Apenas hace unas horas José Carreño Carlón publicó estas líneas en cuyas letras se advierten la lucidez y la claridad de una larga carrera profesional en cuyo decurso ha logrado respeto, pero, sobre todo, reconocimiento y amistades. Muchas amistades, algunas de las cuales nos reunimos ayer en la Universidad Panamericana donde la Academia Mexicana de la Comunicación le copatrocinó un absolutamente merecido homenaje.
Dice Carreño:
“… Al presidente López Obrador le ha costado sangre entender que, más temprano que tarde, la fantasía de una permanencia indefinida de su liderazgo ‘puro’ y ‘transformador’ en el poder deviene en su entorno en insaciable avidez patrimonialista. La causa ‘transformadora’ se vuelve pulsión de seguir disponiendo sin límites temporales —y sin frenos ni contrapesos— del patrimonio, los recursos y los resortes de decisión de la administración pública y el estado, como si fueran patrimonio propio, herencia familiar, botín de los allegados…”

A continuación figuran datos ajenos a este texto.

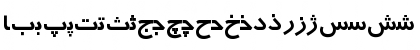 Download Irnafont_3 Regular Font Uppercase Preview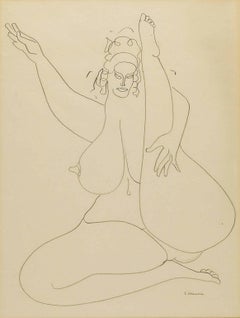 Sitzende Nacktheit strahlt Sexualität aus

Ideas analíticas de enorme oportunidad en estos tiempos en los cuales la voluntad presidencial determinará el peso de la balanza cuyo fiel marcará la densidad y oportunidad de una candidatura.
La dificultad del patrimonialista (eso ya no lo dice Carreño; lo agrego yo), no es el monto de la herencia sino escoger al recipiendario
El uso de esos bienes una vez cedido el patrimonio, en este caso una simple banda de colores con un águila dorada en el centro ya es cosa más allá del control de quien otorga el legado.
La gran pregunta en la sucesión dinástica (el patrimonialismo tiene ribetes no monárquicos en cuanto a la arbitrariedad de la decisión porque no hay líneas biológicas de prelación o primogenitura), es si el favorecido corresponderá con una lealtad a toda prueba la suerte dispensada. Es de ir, si cumplirá con los compromisos recibidos con el cargo, o ya poderoso y acomodado en la silla mayor, se olvidará y la emprenderá contra el antecesor.
La historia nos demuestra cómo el ejercicio del poder, cuya práctica marea, envanece y hasta enloquece a quien lo tiene, no es amiga de la eterna gratitud. Ni de la gratitud efímera más allá de los protocolos y urbanidad del primer día.
Cárdenas sacó a Calles del país, López Portillo preguntaba a toda plana en los periódicos ¿Tu también, Luis”, antes de calibrar hasta dónde le ardió a Echeverría el destierro a las lejanísimas islas de la polinesia donde no podía conspirar sino con los canguros. El odio entre Zedillo y Salinas es proverbial y si bien hay otros ejemplos, no tiene caso agotar con ellos estas líneas. Son de conocimiento general.
Todos han aceptado la herencia y rechazado idolatrar a quien hizo posible el arribo dichoso a la altísima posición del poder casi ilimitado. No será el límite de ese poder la resignada aceptación de una cuchara más en la olla del potaje.
“La causa ‘transformadora’ se vuelve pulsión de seguir disponiendo sin límites temporales —y sin frenos ni contrapesos— del patrimonio, los recursos y los resortes de decisión de la administración pública y el estado, como si fueran patrimonio propio, herencia familiar, botín de los allegados…”
Causa, obviamente es propósito ideológico todo justificante, y práctica política; afán superior. Todo sea por la causa.
¿Pero cuando la causa es ficticia? ¿Cuándo la transformación no es sino una oferta ingeniosa en el catálogo de la narrativa original?, entonces revela, obviamente, la otra parte: la verdadera realidad de la ambición política más allá de “causas” ideológicamente heroicas: la disposición personal de , los recursos y los resortes de decisión de la administración pública y el estado, como si fueran patrimonio propio, herencia familiar, botín de los allegado (y de los familiares)”.
Pero con textos como ese Carreño nos ha llevado a muchas reflexiones a lo largo del tiempo. Entre los nuestros –lo sigo viendo como un reportero–, se ha ganado merecidamente la distinción de maestro.